> Activity
Could you write out, word for word, each line from the one containing "Bayliner Vr4 2018 alt" to the last line of the data below, both included and nothing more?
BEGIN
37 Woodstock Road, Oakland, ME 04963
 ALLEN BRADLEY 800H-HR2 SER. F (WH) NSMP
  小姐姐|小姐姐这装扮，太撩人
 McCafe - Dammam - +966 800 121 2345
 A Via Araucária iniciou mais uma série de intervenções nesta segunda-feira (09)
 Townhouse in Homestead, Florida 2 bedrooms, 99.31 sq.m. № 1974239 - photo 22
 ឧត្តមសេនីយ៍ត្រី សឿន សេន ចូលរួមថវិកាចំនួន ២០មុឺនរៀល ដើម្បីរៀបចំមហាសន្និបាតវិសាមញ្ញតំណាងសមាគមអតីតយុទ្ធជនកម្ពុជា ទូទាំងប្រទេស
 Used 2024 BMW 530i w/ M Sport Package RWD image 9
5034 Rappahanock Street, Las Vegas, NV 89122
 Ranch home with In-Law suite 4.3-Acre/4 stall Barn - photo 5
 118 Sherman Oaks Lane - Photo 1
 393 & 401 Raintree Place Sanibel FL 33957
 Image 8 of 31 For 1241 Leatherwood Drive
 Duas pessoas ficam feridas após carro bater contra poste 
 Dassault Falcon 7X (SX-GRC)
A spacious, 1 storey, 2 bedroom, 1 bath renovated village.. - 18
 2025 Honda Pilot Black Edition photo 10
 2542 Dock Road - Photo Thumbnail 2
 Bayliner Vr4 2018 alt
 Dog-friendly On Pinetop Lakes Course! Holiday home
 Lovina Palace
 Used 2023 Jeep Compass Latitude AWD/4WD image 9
END
> Problem solution
 Bayliner Vr4 2018 alt
 Dog-friendly On Pinetop Lakes Course! Holiday home
 Lovina Palace
 Used 2023 Jeep Compass Latitude AWD/4WD image 9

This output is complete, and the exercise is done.